Criteria for assessing a CD99 staining as optimal included: A moderate to strong distinct predominantly membranous staining of basal and parabasal squamous epithelial cells and lymphocytes in the tonsil, and a moderate to strong distinct predominantly membranous staining the Ewing sarcoma, pPNET, synovial sarcoma and granulosa cell tumour. No reaction should be seen in the liver.

41 laboratories submitted stains. At the assessment 5 achieved optimal staining (12 %), 13 good (32 %), 12 borderline (29 %) and 11 (27 %) poor staining.

The following Abs were used:
mAb clone 12E7 (DakoCytomation, n=35)
mAb clone H036-1.1 (Cell Marque, n=2; Ventana, n=2; Novocastra, n=1)
mAb clone 0-13 (Signet, n=1)

In this assessment optimal staining could only be obtained with the mAb clone 12E7. However, only 5 out of 35 (14 %) using this clone achieved an optimal staining.
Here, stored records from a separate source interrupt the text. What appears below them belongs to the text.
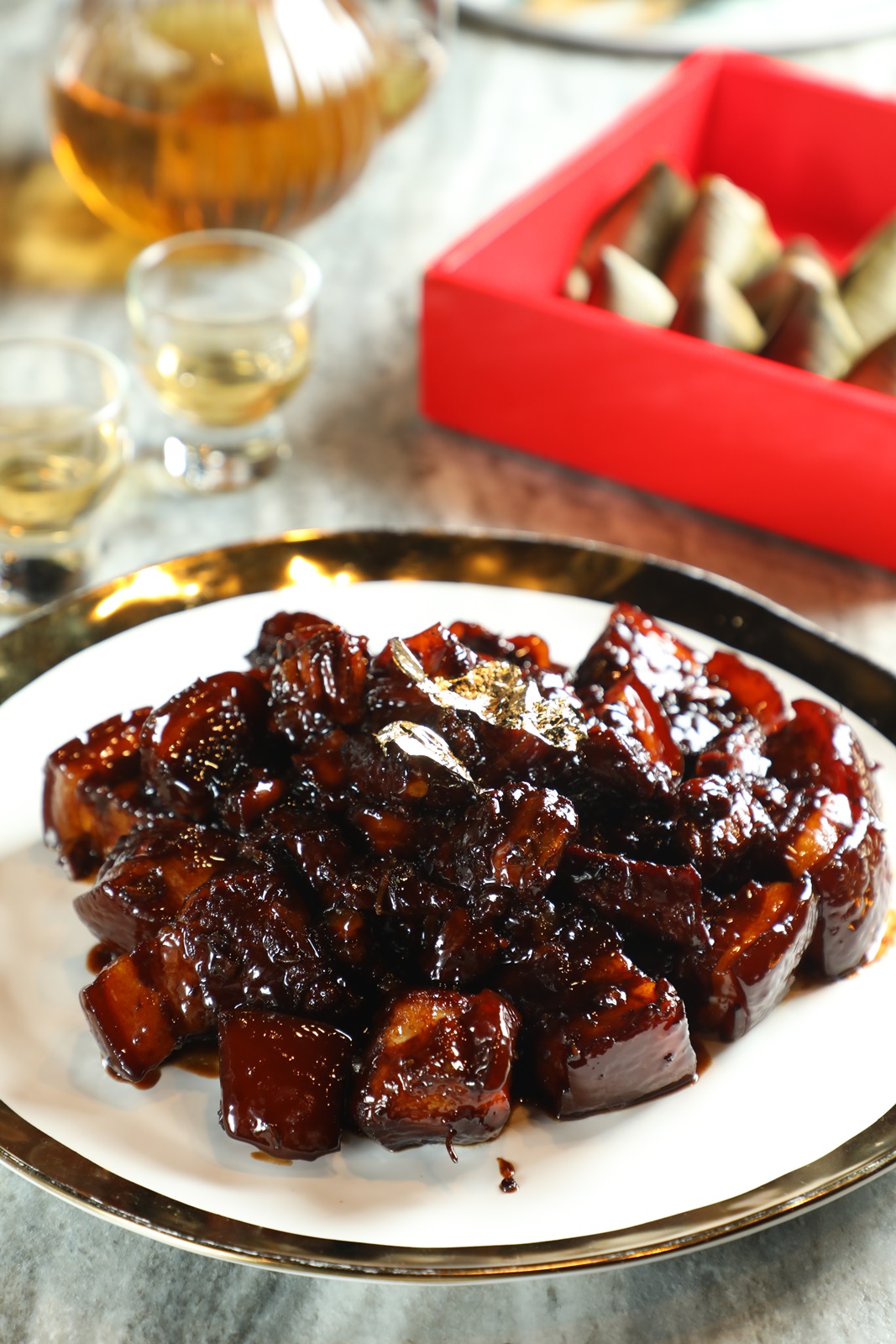 本幫紅燒肉搭配小巧的竹葉飯一起上桌。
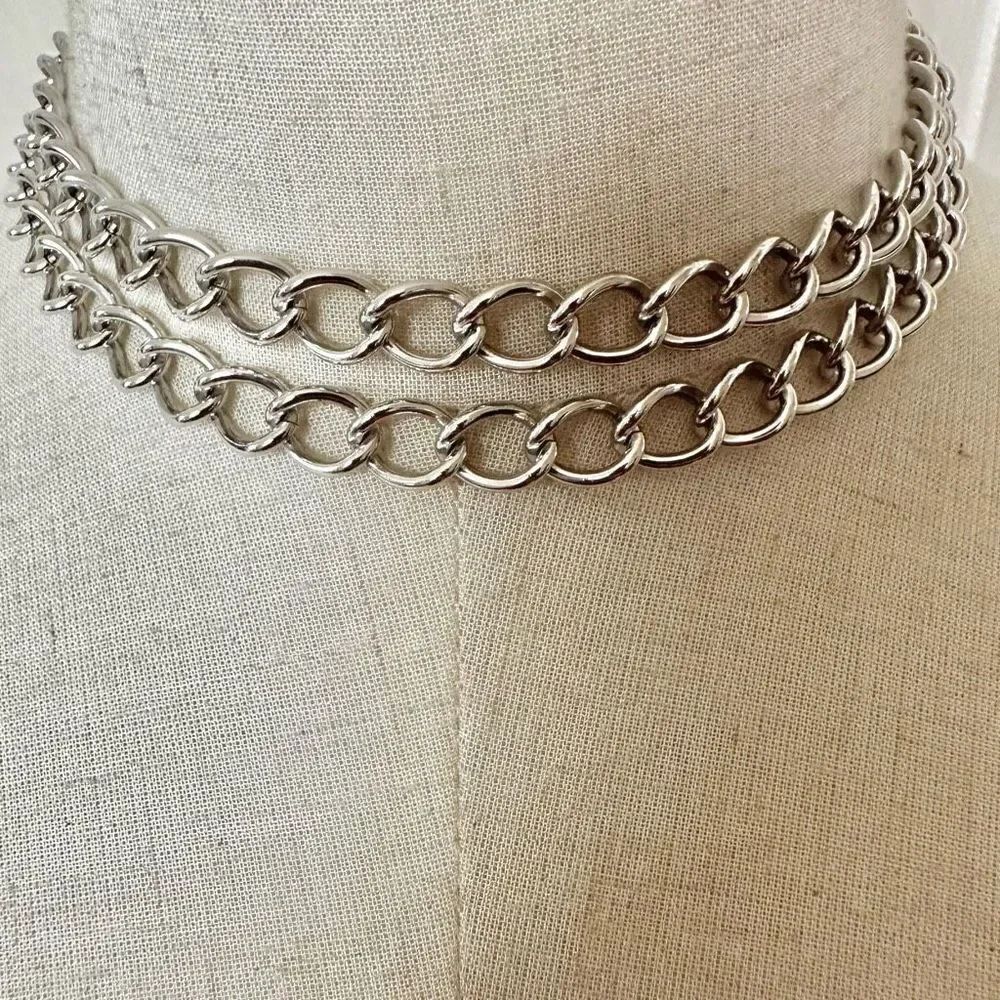 Monet vintage silver tone long chain link necklace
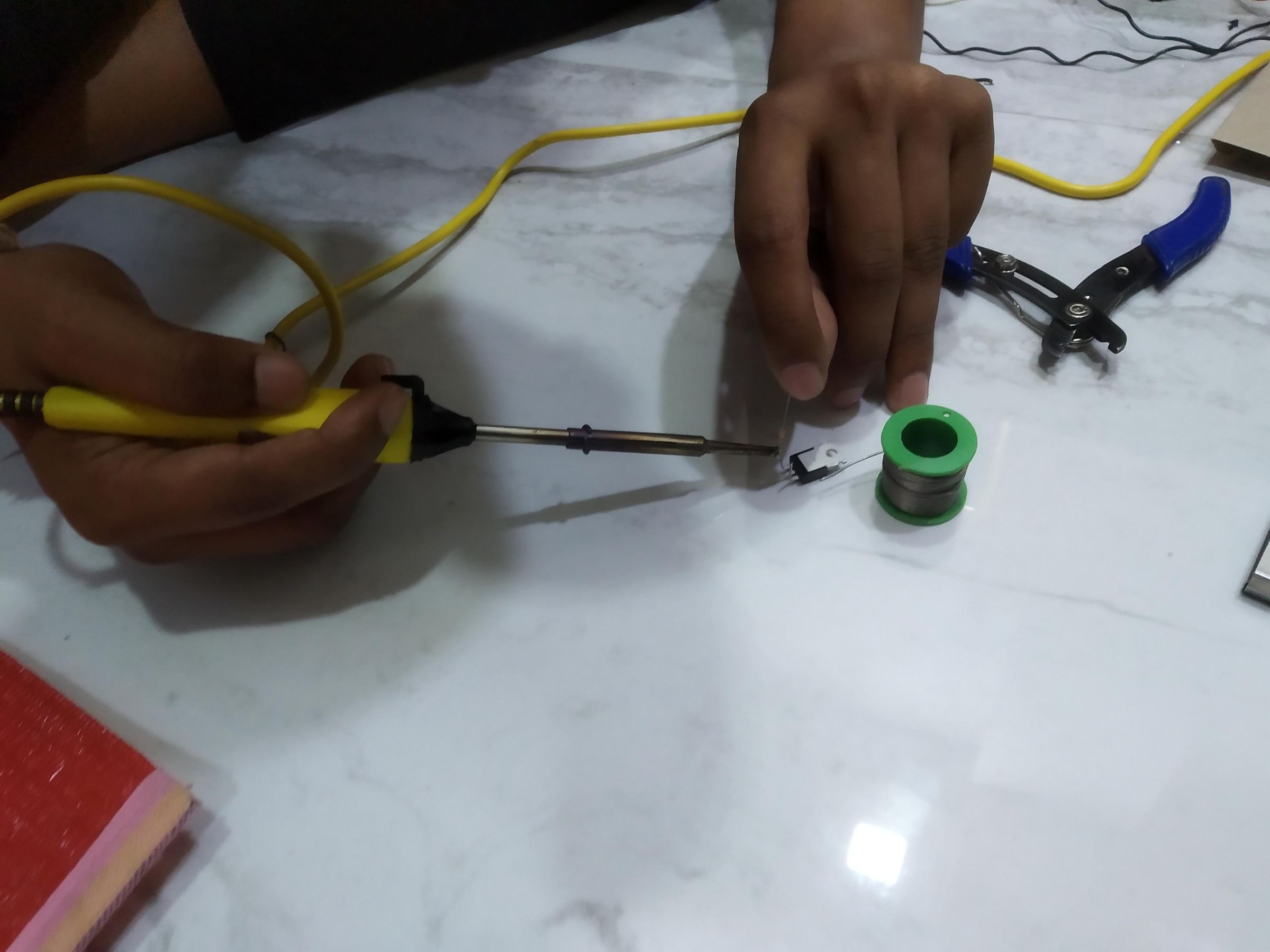 Automatic ON-OFF Bulb Holder(1$) : 3 Steps - Instructables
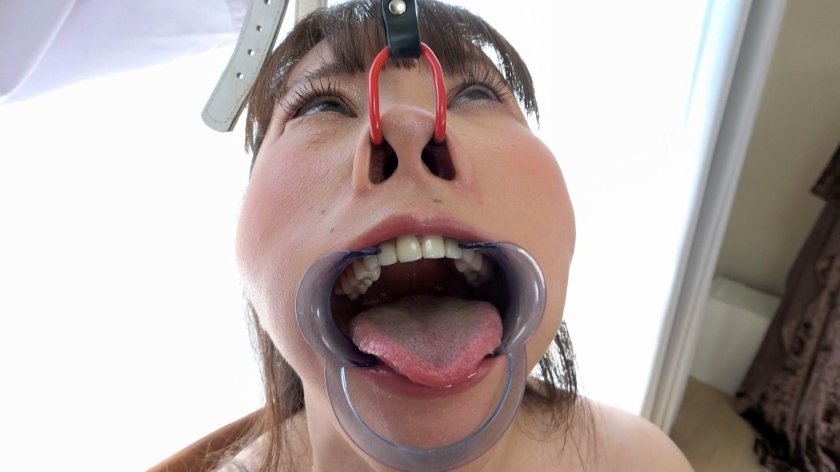 失禁イラマチオ 椎名ほのか1枚目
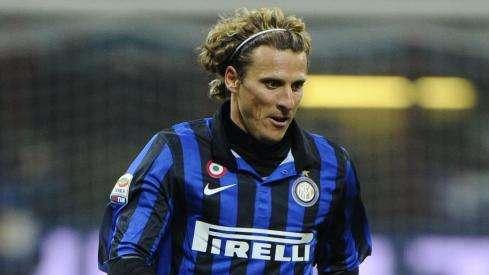 Ag. Forlan a FcInterNews.it: "Resta all'Inter, niente scambio con Lucas"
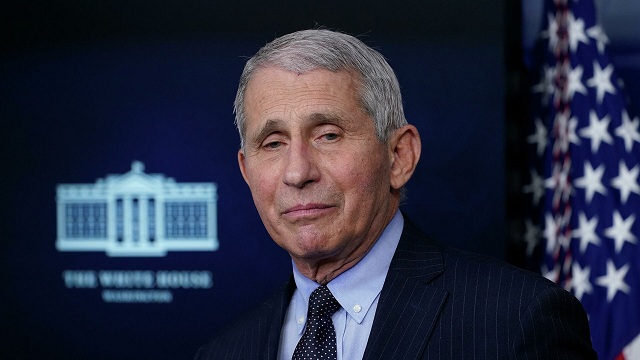 В США не исключают появления устойчивого к вакцинам штамма коронавируса
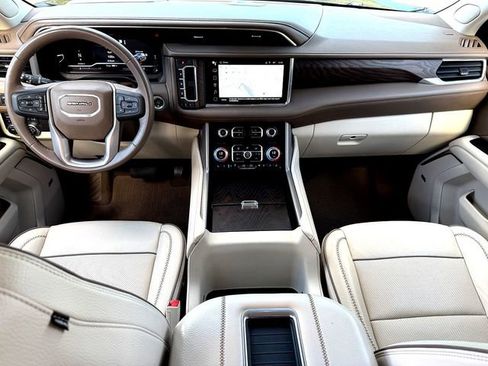 Used 2023 GMC Yukon XL Denali image 25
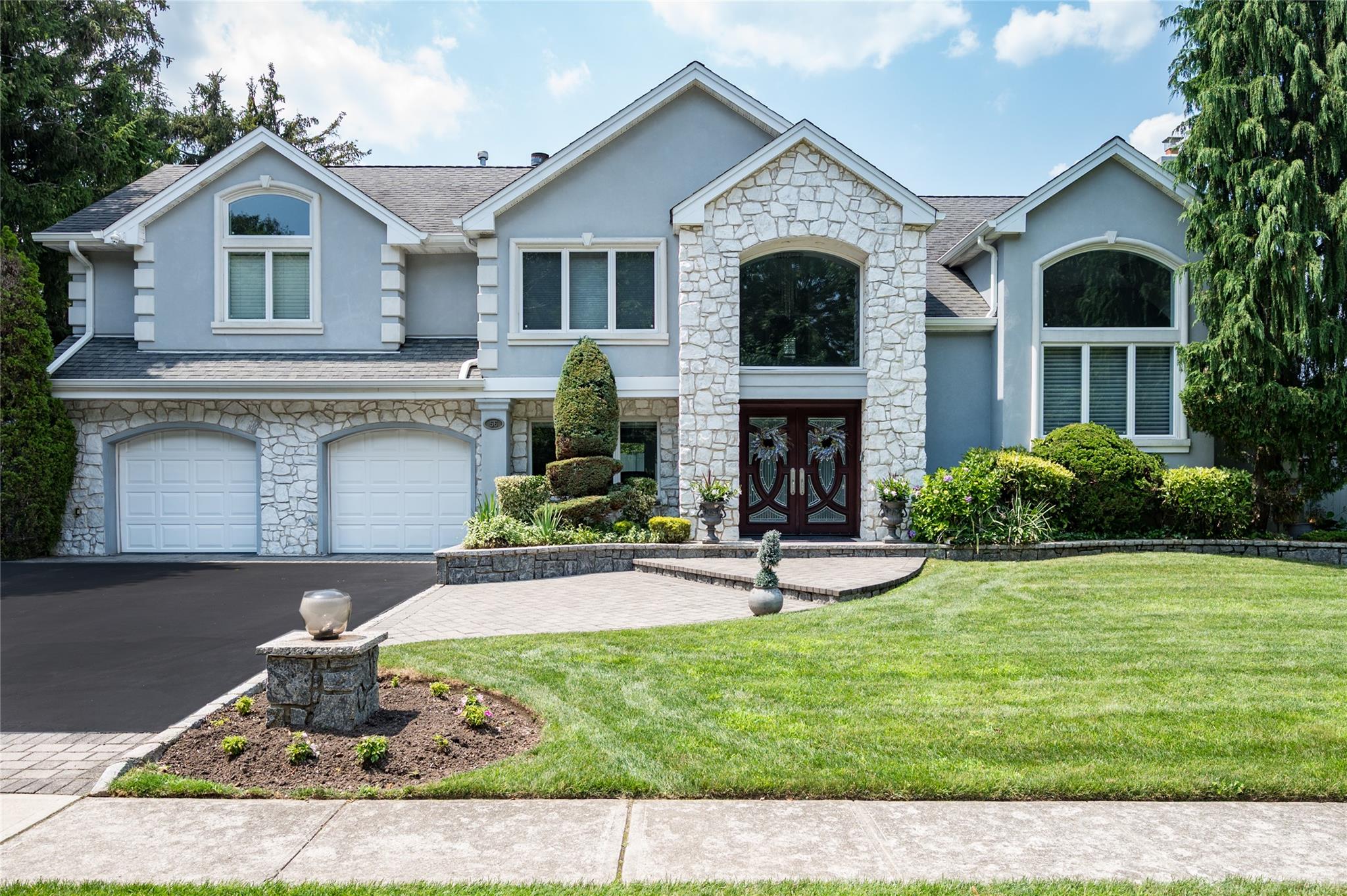 #1 photo, 56 Rockland Drive, 長島 傑里科 Jericho , NY 11753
In the optimal protocols with clone 12E7, all used HIER with Tris-EDTA/EGTA pH 9 as the heating buffer. The mAb clone 12E7 was typically used in the range of 1:25 – 1:100.

All stains assessed as suboptimal were either generally too weak or false negative in one or more of the specimens in the multi-block. Almost all laboratories were able to detect CD99 in the Ewing sarcoma, whereas the synovial sarcoma, the pPNET and especially the granulosa cell tumour were only weakly labelled or completely negative with suboptimal protocols.

In the optimal staining only, basal and parabasal squamous epithelial cells of the tonsil were identified displaying a distinct membranous staining, indicating that these cells might serve as an appropriate positive control for the detection of CD99.

The most frequent causes of insufficient stainings were (often in combination):
- Inappropriate choice of HIER buffer (espc. citrate pH 6)
- Omission of epitope retrieval
- Too low concentration of the primary Ab
- Inappropriate choice of primary Ab.